Researchers at the Massachusetts Institute of Technology (MIT) have found that asymptomatic COVID-19 carriers may differ from healthy ones in how they cough. The human ear cannot distinguish these differences. However, it turns out that they can be picked up by artificial intelligence.

The article, published in the IEEE Journal of Engineering in Medicine and Biology, describes an artificial intelligence model that distinguishes asymptomatic carriers of the virus from healthy people using their forced-cough recordings, which people voluntarily recorded on smartphones and sent to developers.

The researchers trained their program on tens of thousands of cough samples. When the cough samples obtained from the test group were uploaded to the program, the accuracy of detecting COVID-19-positive carriers (with symptoms) was 98.5%. Furthermore, the accuracy of the diagnosis of asymptomatic patients was 100%.

The team is working to integrate the service into a convenient mobile app that, if approved by medical experts and organizations, could potentially become a free, convenient, non-invasive pre-screening tool for detecting COVID-19 in patients without symptoms. The user can use the app daily, send the sound of their cough to their phone, and instantly receive information about whether they may be infected and whether they need to be tested for coronavirus.

Sound biomarkers

Even before the pandemic began, research teams were already training algorithms for recording coughs on mobile phones to diagnose pneumonia and asthma conditions accurately. Similarly, the MIT team developed artificial intelligence models to analyze recordings of random coughs to see if this could detect signs of Alzheimer’s disease. This disease is associated with memory loss and neuromuscular degradation, such as weakening of the vocal cords.

First, scientists created a General machine learning algorithm or neural network known as ResNet50. Using this neural network, you can recognize sounds and determine the vocal cords’ strength in them. Research has shown that the sound quality is “mmmm” it may indicate how strong or weak a person’s vocal cords are. The neural network was trained on audiobooks with more than 1,000 hours of speech to learn how to distinguish the word “them” from other words, such as “the” and “then.”

The team trained a second neural network to distinguish between emotional states in speech because patients with Alzheimer’s disease, and other neurological disorders, show frustration or flattened affect more often than express happiness or calmness. Researchers developed a model for classifying emotional speech by training it with actors intoning emotional States such as neutral, calm, happy, and sad.

The researchers then uploaded a database of different coughing examples to a third neural network to distinguish between changes in lung function and respiration.

Finally, the team combined all three models and applied an algorithm to detect muscle degradation. The algorithm simulates a sound mask or noise layer, distinguishing a strong cough from a weaker one.

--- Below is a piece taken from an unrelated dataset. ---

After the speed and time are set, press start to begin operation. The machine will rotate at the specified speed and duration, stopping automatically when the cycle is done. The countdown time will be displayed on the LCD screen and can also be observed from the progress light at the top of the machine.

With the new artificial intelligence framework, the team analyzed audio recordings, including Alzheimer’s patients, and found that the system can identify the disease better than existing diagnostic models. The results showed that the strength of the vocal cords and mood, performance of the lungs and breathing, and muscle degradation was an effective biomarker for diagnosing the disease.

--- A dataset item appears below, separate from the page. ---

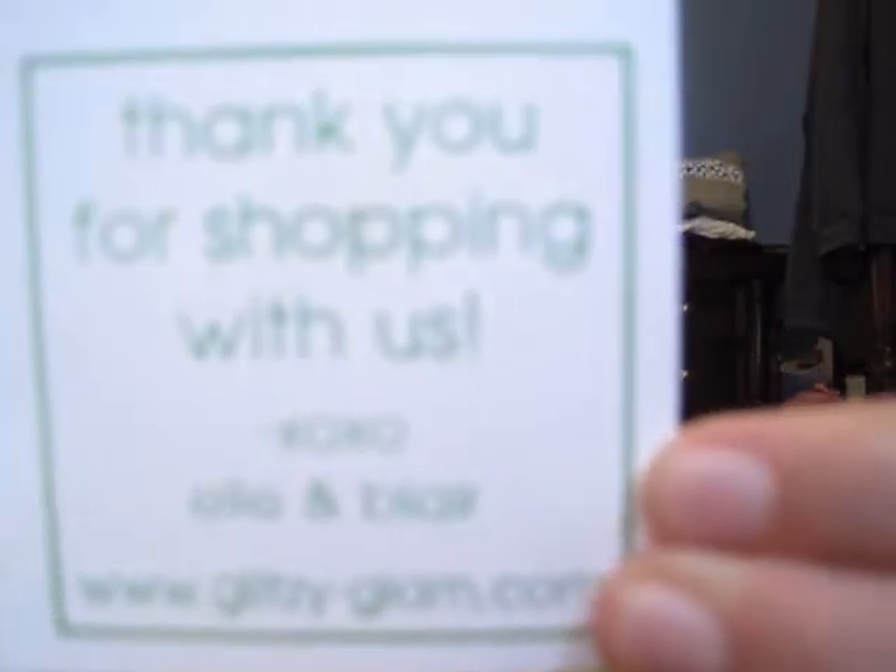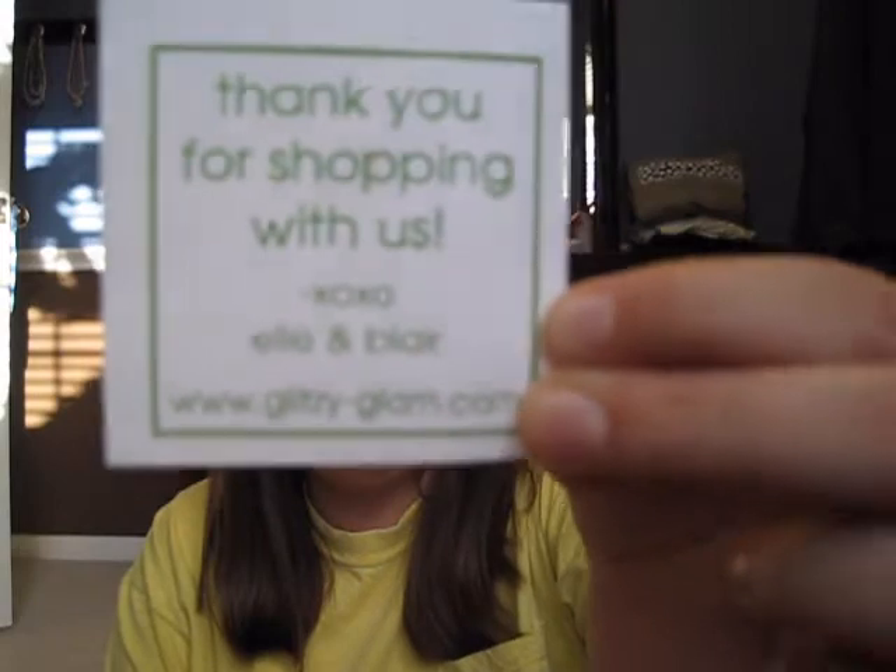Those are the two items I got from Glitzy Glam. I hope they like it. Also, the makeup bag did come with gift wrapping — I liked their gift wrapping. They sent it in a bag and it had a little bow on it, but the bow fell off. On both items, this card came with it. It says, 'Thank you for shopping with us, XO XO, Elle and Blair,' and www.glitzyglam.com. So those are the two items I got from Glitzy Glam. This is my haul and I hope y'all enjoyed it. I will talk to you guys later. Have a good day. Bye!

When the coronavirus pandemic began, the MIT team wondered if their artificial intelligence system for treating Alzheimer’s could also work to diagnose COVID-19, as there was growing evidence that infected patients experienced similar neurological symptoms, such as temporary neuromuscular impairment.

Big data processing

In April, the team set out to collect as many cough records as possible, including patients with COVID-19. They created a website where people can record their cough on a mobile phone or other Internet access devices. Besides, participants fill out a questionnaire describing their current symptoms, regardless of whether they have COVID-19 or whether they have been diagnosed with an official test. Participants also indicate their gender, place of residence, and native language.

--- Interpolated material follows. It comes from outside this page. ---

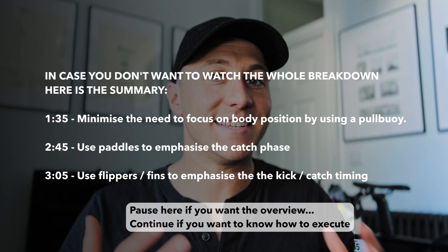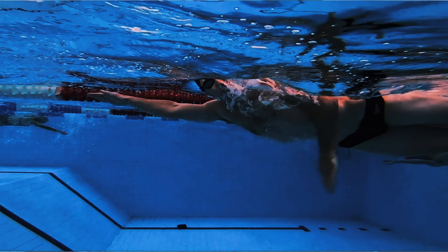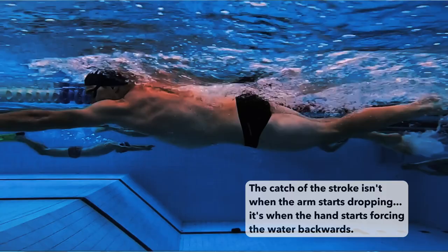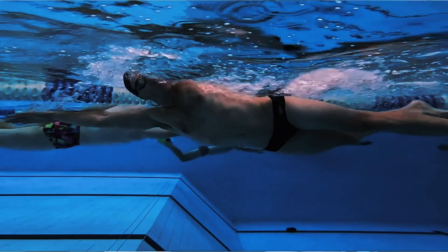The first thing you need to understand is that good timing is everything in swimming. If you don't have the timing right, then you can't get your body into a good position to be more streamlined and therefore more efficient. Your stroke should be timed to maximize your speed and efficiency in the water. One of the best ways to do this is by focusing on your breathing, body position, kick, and catch. Proper timing will mean that you maintain your rhythm and keep your body moving smoothly through the water.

To date, researchers have collected more than 70,000 records, each of which contains several examples of coughing. In total, this is about 200,000 audio samples of random coughing, which, according to the development team, is the most extensive set of cough research data in history. People submitted approximately 2,500 entries confirmed to have COVID-19, including those who were asymptomatic.

The team used 2,500 coronavirus cough records and another 2,500 records they randomly selected from the collection to balance the data set. 4,000 such samples were taken to train the AI model. The remaining 1,000 entries were then entered into the model to see if it could accurately distinguish coughing from COVID-19 patients compared to healthy people.

Asymptomatic diagnosis

This artificial intelligence model is not intended to diagnose people with COVID-19 symptoms, as they are similar or may be related to other diseases, such as flu or asthma. The advantage of the system is its ability to distinguish an asymptomatic cough from a healthy cough.

The team is developing a free pre-diagnosis app based on an artificial intelligence model. They are also working with several hospitals worldwide to expand the cough samples database to train the model further and improve its accuracy.

The developers believe that pandemics could be a thing of the past if pre-diagnosis tools were always at hand.

Ultimately, they predict that audio models of artificial intelligence like the one they developed can be embedded in ubiquitous smart devices so that people can conveniently get an initial assessment of their disease risk, possibly daily.

This study was partially supported by the Japanese pharmaceutical company Takeda Pharmaceutical Company Limited.